In 1982, he was admitted as an advocate, and he practised as an advocate in the Transkei for the next 12 years, taking silk in 1993.' He was known for his involvement in human rights cases, and he was a co-founder both of the Umtata Law Clinic, for impoverished residents of the Transkei, and of the Prisoners' Welfare Programme, for political detainees and their families.' In addition, he was active in the Transkei Society of Advocates, serving as its vice-chairperson from 1987 to 1990 and as its chairperson from 1991 to 1993.'

On 1 January 1994, with the end of apartheid, Madala was appointed as a judge of the Mthatha High Court (then still a division of the Supreme Court). He was the first black judge in the Eastern Cape and the fourth black judge in South Africa. He served in the High Court only briefly before being elevated to the appellate court.
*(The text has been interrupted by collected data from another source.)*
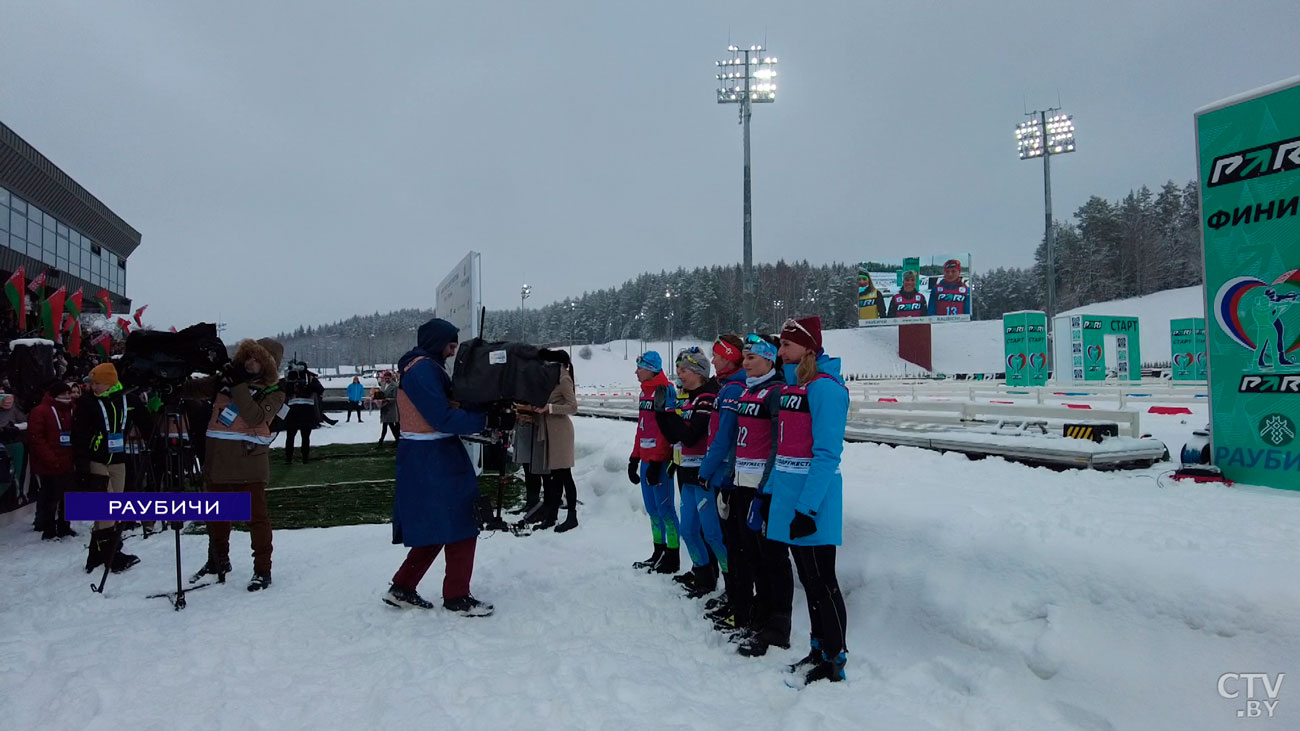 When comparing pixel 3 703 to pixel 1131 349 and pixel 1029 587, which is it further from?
pixel 1131 349

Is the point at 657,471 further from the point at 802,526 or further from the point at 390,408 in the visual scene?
the point at 390,408

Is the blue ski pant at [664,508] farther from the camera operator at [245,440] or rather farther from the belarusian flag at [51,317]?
the belarusian flag at [51,317]

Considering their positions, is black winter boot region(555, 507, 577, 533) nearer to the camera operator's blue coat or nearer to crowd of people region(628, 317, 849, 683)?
crowd of people region(628, 317, 849, 683)

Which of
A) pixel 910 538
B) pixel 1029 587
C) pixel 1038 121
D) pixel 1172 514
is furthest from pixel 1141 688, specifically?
pixel 1038 121

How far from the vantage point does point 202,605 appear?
4.83 meters

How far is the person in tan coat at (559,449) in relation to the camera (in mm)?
7125

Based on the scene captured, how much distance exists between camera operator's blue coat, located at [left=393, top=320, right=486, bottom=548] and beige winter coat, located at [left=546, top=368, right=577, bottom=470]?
244cm

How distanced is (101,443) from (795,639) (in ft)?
20.4

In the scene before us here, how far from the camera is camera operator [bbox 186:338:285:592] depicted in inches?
205

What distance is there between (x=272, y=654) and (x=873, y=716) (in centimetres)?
348

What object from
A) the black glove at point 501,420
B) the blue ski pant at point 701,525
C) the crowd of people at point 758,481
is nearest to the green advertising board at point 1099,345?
the crowd of people at point 758,481

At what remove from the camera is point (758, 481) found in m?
4.12

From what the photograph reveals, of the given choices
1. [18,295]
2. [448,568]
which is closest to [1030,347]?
[448,568]

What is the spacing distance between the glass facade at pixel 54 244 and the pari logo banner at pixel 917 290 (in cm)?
4835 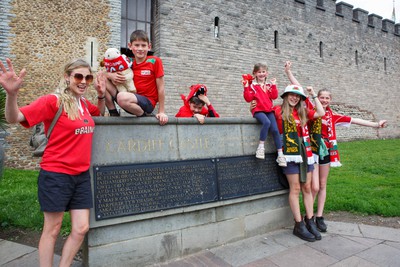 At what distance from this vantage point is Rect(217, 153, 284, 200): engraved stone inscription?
139 inches

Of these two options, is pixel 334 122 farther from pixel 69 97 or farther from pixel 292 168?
pixel 69 97

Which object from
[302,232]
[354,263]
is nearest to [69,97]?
[302,232]

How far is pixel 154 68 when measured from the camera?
125 inches

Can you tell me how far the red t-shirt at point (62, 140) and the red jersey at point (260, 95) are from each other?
2.26 metres

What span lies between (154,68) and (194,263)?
6.73ft

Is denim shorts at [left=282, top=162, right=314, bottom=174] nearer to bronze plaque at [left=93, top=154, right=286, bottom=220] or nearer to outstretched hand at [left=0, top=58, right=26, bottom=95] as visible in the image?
bronze plaque at [left=93, top=154, right=286, bottom=220]

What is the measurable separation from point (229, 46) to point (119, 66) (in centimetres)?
1218

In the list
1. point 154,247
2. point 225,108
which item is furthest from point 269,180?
point 225,108

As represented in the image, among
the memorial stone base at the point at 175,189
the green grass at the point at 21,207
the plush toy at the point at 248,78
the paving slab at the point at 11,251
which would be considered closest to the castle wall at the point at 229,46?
the green grass at the point at 21,207

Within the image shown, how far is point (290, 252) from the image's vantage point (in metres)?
3.27

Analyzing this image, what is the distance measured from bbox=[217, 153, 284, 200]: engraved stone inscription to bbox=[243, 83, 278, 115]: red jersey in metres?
0.63

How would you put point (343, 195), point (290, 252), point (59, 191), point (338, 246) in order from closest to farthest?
point (59, 191) → point (290, 252) → point (338, 246) → point (343, 195)

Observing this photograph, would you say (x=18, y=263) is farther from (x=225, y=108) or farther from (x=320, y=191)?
(x=225, y=108)

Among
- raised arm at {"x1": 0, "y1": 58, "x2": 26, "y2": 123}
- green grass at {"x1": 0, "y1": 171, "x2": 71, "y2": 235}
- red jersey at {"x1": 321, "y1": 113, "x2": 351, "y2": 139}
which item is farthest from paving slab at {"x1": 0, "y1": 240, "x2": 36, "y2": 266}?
red jersey at {"x1": 321, "y1": 113, "x2": 351, "y2": 139} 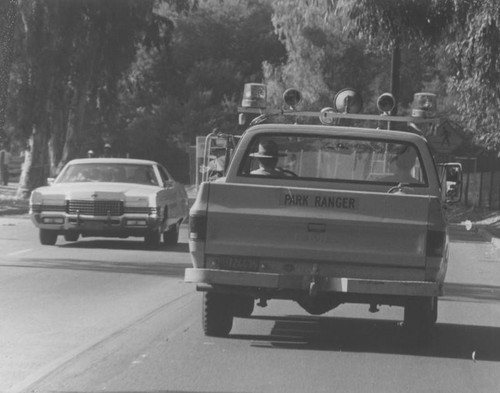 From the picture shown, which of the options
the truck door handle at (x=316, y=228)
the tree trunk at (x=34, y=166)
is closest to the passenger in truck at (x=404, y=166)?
the truck door handle at (x=316, y=228)

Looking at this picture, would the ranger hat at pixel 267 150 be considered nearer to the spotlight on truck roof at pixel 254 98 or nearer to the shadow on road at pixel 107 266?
the spotlight on truck roof at pixel 254 98

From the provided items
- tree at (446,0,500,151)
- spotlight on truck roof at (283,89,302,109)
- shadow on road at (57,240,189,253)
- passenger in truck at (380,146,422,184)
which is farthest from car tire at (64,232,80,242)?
passenger in truck at (380,146,422,184)

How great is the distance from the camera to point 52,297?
13086 millimetres

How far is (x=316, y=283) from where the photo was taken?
9438 millimetres

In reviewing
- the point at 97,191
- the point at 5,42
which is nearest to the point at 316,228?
the point at 5,42

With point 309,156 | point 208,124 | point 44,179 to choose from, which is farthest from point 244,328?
point 208,124

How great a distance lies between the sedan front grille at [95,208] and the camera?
1931 centimetres

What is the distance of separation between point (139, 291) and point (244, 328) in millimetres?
3185

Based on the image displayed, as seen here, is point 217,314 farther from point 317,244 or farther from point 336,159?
point 336,159

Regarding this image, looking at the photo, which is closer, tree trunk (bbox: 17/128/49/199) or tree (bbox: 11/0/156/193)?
tree (bbox: 11/0/156/193)

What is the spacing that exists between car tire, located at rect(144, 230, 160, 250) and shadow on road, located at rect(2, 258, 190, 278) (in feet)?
7.69

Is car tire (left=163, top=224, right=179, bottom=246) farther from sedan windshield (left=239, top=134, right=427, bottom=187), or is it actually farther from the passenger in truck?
the passenger in truck

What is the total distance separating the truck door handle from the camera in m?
9.49

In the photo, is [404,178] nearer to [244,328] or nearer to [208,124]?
[244,328] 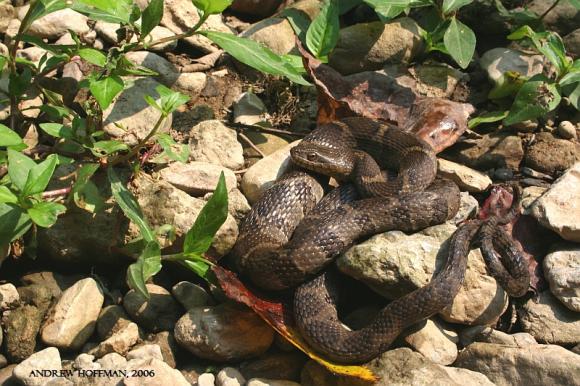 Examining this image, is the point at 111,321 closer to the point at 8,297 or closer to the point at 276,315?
the point at 8,297

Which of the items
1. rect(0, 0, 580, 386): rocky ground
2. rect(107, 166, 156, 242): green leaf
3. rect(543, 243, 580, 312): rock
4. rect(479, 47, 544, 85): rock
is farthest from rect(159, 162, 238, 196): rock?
rect(479, 47, 544, 85): rock

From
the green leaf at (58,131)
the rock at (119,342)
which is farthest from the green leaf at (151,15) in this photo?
the rock at (119,342)

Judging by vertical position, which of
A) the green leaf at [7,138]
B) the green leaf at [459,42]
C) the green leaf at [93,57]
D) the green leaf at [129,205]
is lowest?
the green leaf at [129,205]

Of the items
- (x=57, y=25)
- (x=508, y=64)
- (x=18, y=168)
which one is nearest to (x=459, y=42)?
(x=508, y=64)

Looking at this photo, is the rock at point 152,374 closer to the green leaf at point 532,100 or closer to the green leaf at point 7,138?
the green leaf at point 7,138

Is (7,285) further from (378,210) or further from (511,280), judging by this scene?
(511,280)

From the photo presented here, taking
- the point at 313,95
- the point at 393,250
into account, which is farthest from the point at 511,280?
the point at 313,95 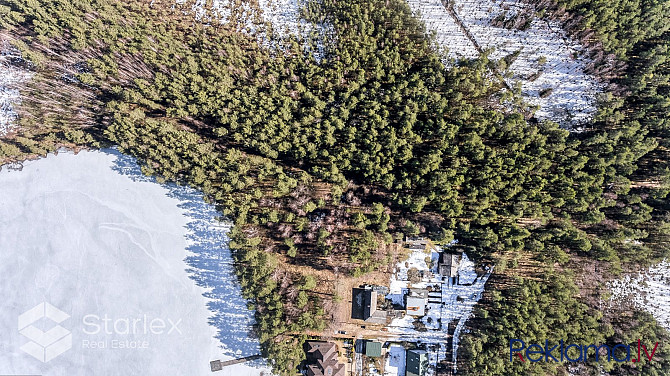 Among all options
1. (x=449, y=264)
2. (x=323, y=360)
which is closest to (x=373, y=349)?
(x=323, y=360)

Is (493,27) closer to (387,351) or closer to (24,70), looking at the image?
(387,351)

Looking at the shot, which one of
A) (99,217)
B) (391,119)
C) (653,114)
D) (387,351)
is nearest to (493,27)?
(391,119)

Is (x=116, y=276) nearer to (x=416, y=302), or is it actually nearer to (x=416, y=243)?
(x=416, y=302)

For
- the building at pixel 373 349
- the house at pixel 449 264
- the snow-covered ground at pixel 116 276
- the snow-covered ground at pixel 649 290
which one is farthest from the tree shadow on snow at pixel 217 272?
the snow-covered ground at pixel 649 290

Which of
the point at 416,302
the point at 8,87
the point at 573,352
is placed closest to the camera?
the point at 573,352

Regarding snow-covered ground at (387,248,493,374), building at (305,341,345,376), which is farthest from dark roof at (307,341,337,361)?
snow-covered ground at (387,248,493,374)

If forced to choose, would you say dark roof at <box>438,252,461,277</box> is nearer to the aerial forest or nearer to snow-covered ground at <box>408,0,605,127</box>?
the aerial forest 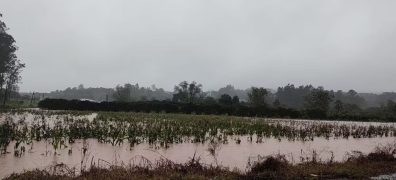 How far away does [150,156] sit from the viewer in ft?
39.5

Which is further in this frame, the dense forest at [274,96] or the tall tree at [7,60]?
the dense forest at [274,96]

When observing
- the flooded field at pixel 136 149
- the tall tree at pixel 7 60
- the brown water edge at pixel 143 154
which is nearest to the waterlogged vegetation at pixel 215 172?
the flooded field at pixel 136 149

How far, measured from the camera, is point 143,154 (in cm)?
1228

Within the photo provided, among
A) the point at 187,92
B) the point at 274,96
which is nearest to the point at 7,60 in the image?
the point at 187,92

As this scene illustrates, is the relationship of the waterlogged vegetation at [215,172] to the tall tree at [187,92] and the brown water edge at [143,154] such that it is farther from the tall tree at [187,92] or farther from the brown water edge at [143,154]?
the tall tree at [187,92]

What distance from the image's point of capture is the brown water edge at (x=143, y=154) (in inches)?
406

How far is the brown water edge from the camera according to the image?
10305 mm

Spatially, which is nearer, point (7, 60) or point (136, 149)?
point (136, 149)

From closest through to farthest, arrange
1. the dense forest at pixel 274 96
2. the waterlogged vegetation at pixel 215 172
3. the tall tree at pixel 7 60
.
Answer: the waterlogged vegetation at pixel 215 172, the tall tree at pixel 7 60, the dense forest at pixel 274 96

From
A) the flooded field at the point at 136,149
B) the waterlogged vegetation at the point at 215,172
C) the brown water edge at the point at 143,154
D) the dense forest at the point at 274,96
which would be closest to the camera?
the waterlogged vegetation at the point at 215,172

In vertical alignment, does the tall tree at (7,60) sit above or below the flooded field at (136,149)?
above

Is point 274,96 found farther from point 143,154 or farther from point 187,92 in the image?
point 143,154

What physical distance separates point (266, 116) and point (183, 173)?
36.0m

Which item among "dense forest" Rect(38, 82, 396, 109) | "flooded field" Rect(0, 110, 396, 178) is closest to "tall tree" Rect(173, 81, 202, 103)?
"dense forest" Rect(38, 82, 396, 109) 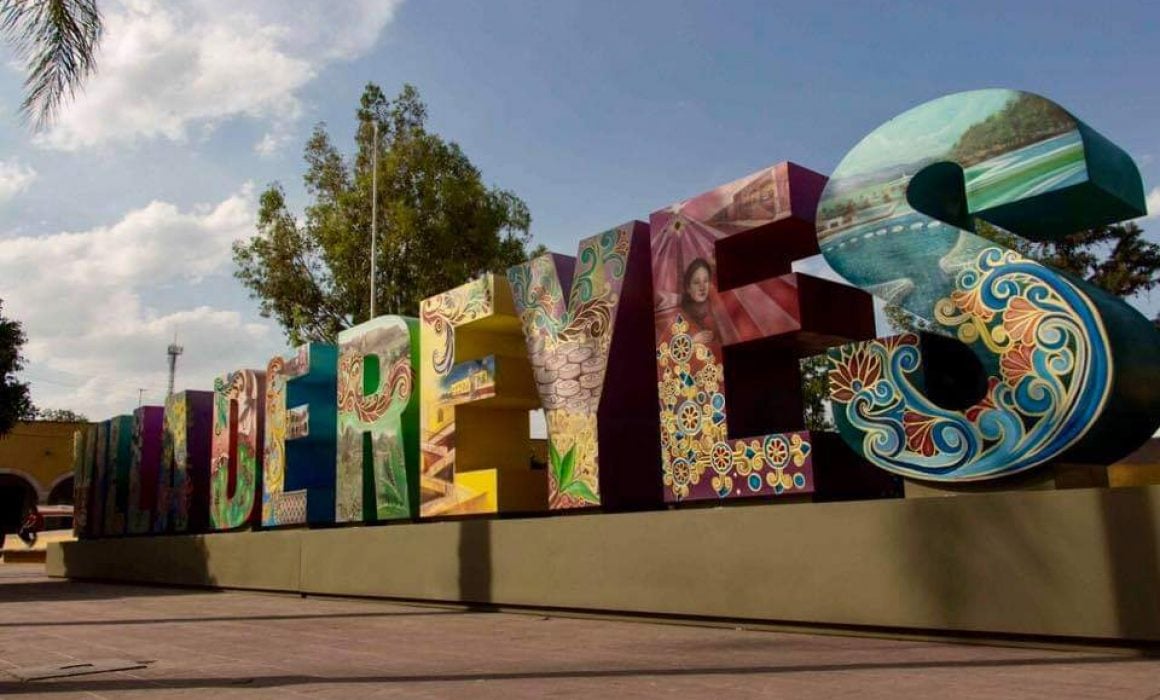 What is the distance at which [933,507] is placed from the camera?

== Constitutional Court: 1994–2008 ==
In October 1994, President Nelson Mandela appointed Madala as a judge in the newly inaugurated post-apartheid Constitutional Court of South Africa.' His appointment, announced in August 1994, was criticised as an example of tokenism by some commentators, who argued that it was only because of affirmative action that Madala had been elevated ahead of such white jurists as John Didcott. In response to this criticism, Dumisa Ntsebeza of the Black Lawyers Association mounted a fiery public defence of Madala.

As a member of the inaugural bench under Chief Justice Arthur Chaskalson, Madala was tasked with overseeing the design of the justices' robes.

=== Opinions ===
In his early years in the court, Madala wrote concurring judgements in the landmark matters of S v Makwanyane and Soobramoney v Minister of Health, drawing in the former case on the value of ubuntu, which he said "permeates the Interim Constitution". Notable majority judgements written by him included the court's unanimous judgement in Satchwell v President, which found that the equality clause of the Bill of Rights entitled judges' same-sex partners to the same financial benefits available to opposite-sex spouses.

He also wrote the court's majority judgments in S v Rens, East Zulu Motors v Empangeni/Ngwelezane Transitional Local Council, Osman v Attorney-General for the Transvaal, S v Manamela (co-written with Albie Sachs, and Zak Yacoob), S v Niemand, S v Basson (co-written with Laurie Ackermann, Yvonne Mokgoro, Dikgang Moseneke, Sandile Ngcobo, and Kate O'Regan), SABC v National Director of Public Prosecutions (co-written with Pius Langa, Dumile Kondile, Bess Nkabinde, O'Regan, Belinda van Heerden, and Yacoob), NM v Smith, and Nyathi v MEC for Health, Gauteng.

=== Retirement ===
Madala retired from the Constitutional Court in October 2008 after 14 years on the bench. Justice Edwin Cameron was appointed to replace him later that year.

== Personal life and death ==
He was married to Patricia Alice Ndileka Madala, who was an advocate of the High Court before leaving practice; they had three children.'

He was a member of the Anglican Church of Southern Africa, serving as its deputy chancellor and as the chancellor of the Anglican Diocese of St John in Mthatha.'

He was a trustee, until his death, of the Black Lawyers Association's legal education centre. In addition, until his appointment to the bench, he was the deputy chairperson of the Transkei National Building Society.'

He died on 25 August 2010. Chief Justice Sandile Ngcobo called for a moment of silence in his honour during the next day's Constitutional Court sitting, and he was buried in Mthatha.